I couldn’t help noticing that all solid state drives are coming out in 2.5″ and smaller form factors, so it got me thinking that it’s only a matter of time before a high end gaming chassis is full of 2.5″ mounts rather than 3.5″ ones.

Obviously SSD isn’t quite there yet, but even 2.5″ magnetic drives seem to compare pretty favorably to 3.5″ desktop drives. They’re quieter, smaller (duh), and with the 7200RPM spindle speeds, the assumption is that the speed is pretty close. They also dump less heat into your precious case, which means less airflow is necessary and again less noise.

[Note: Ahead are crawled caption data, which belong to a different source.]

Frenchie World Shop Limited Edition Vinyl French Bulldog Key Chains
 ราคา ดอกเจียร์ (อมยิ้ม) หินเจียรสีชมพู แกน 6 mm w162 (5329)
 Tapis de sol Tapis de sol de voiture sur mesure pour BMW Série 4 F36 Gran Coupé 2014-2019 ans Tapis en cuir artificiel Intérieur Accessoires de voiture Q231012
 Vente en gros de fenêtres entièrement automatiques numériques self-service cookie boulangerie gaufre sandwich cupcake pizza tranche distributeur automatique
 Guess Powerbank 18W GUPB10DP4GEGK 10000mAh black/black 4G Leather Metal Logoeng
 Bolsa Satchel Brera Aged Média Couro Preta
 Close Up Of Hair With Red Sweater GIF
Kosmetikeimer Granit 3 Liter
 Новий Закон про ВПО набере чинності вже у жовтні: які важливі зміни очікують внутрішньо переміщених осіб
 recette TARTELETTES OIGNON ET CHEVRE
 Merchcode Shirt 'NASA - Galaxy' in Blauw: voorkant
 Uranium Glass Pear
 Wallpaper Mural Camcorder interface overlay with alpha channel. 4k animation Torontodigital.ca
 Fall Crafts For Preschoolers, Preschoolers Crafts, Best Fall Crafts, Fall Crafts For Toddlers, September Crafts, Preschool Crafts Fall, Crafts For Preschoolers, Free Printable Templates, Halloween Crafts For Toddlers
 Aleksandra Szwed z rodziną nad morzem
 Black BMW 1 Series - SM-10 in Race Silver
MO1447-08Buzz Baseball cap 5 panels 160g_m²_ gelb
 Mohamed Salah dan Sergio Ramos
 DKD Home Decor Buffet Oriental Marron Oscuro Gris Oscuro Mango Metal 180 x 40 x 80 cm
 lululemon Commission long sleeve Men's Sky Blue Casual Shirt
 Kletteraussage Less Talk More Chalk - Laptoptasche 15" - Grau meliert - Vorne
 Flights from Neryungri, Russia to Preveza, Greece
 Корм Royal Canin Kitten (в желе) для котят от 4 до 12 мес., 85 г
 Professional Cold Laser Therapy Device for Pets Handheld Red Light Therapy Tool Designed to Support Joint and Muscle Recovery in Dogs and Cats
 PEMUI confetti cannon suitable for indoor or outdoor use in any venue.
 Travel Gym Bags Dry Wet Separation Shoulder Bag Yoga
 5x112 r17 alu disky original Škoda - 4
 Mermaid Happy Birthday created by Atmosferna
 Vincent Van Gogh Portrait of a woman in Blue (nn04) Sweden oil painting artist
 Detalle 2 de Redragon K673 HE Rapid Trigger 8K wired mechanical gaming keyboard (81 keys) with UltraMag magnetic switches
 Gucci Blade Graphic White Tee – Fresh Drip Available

I managed to get my hands on a 160GB Seagate Momentus 7200.2 and a Samsung F1 750GB in a real David & Goliath battle. I’ve only run a couple benchmarks for now because I want to get into RAID performance, which I think is really important because as they’ve discovered in servers, you can fit several times more 2.5″ drives in the same space.

Seagate Momentus 7200.2 160GB 2.5″ “Notebook” Hard Drive

Samsung F1 750GB 7200RPM 3.5″ Desktop Hard Drive

I guess my results weren’t that impressive, but it’s important to notice that as far as the access times go, the drives were actually very close. That’s important for multi-tasking, as well as for quick access to small files. It’s not that often you’re actually going to need the full read and write bandwidth of your drive in a typical desktop scenario, but that obviously doesn’t apply to I/O intensive operations like video editing or systems with limited system RAM that are using the swap file all the time.

Hoping to do a follow up shortly with RAID-0 performance for the 2.5″ competitor.